Scientism and positivism aren't nearly as popular as they used to be amongst
philosophers; their fads have long since died, and if you search, you will
find out why. But given your at once intelligent yet perversely reckless
rants against theism and Christianity (Hitler and Stalin were men of faith
in earlier posts of yours -- truly bizarre stuff. And now your big
question about the resurrection is: did Jesus even exist? ....), I think
you have some burr buried somewhere that's keeping you from a serious
exploration of these issues. Until that burr and it's associated postulates
in your mind are dealt with I think it'd be a waste of enormous amounts of
time trying to argue you out of "naturalistic sufficiency."
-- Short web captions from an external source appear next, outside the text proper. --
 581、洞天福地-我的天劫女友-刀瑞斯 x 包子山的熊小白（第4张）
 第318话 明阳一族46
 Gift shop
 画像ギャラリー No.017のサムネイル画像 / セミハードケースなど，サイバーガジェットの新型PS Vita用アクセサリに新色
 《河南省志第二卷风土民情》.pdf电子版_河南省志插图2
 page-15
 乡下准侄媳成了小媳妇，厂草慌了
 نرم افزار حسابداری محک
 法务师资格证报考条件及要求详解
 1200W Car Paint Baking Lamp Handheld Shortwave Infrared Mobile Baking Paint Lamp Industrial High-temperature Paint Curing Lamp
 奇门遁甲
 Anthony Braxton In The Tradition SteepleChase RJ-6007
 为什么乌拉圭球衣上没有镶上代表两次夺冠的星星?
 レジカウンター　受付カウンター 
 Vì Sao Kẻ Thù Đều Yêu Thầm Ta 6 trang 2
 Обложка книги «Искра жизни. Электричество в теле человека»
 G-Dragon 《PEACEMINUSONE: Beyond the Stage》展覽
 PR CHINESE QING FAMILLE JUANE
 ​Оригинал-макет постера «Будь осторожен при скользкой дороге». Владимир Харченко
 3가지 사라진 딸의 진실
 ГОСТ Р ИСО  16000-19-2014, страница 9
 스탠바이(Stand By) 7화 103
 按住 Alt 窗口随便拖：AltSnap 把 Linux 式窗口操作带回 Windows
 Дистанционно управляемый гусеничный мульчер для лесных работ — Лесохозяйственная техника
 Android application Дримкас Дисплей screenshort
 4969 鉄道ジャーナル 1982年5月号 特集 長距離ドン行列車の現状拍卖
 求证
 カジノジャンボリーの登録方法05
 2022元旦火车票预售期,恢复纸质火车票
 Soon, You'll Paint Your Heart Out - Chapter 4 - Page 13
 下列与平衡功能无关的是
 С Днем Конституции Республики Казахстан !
> -----Original Message-----
> From: email@example.com
> [mailto:firstname.lastname@example.org]On Behalf Of Chris Cogan
> Sent: Tuesday, January 18, 2000 3:14 PM
> To: Evolution
> Subject: Any strong challenges to Naturalistic Sufficiency?
> Before I start creating naturalistic theories out of SJ's non-naturalistic
> theories, I'm wondering whether there is any strong arguments or
> attempts at
> arguments against the Principle of Naturalistic Sufficiency. This is the
> principle that there is, for any fact or facts capable of explanation, at
> least one prospective naturalistic explanation that is better, in
> and Occam's Razor terms, than any equivalent *non*-naturalistic theory for
> the same facts. I've argued for this principle briefly in an earlier post,
> though I have by no means given my entire argument for it (i.e., one that
> covers prospective objections, etc.).
> The principle applies not only to the development of life on
> Earth, but also
> to the *claims* of people that Jesus rose from the dead (I mention this
> because I see from a glance at another Jones post that he is claiming the
> rising of Jesus from the dead as an established fact, whereas I
> have serious
> doubts that he existed *at all* -- I would *love* to see the epistemology
> that can make the claim of his existence truly acceptable *and* that can
> also *strongly* support the claim that he rose from the dead,
> because there
> a number of fantasies that *I'd* like to prove).
> --Chris C
> Now is the time for all good people to come to.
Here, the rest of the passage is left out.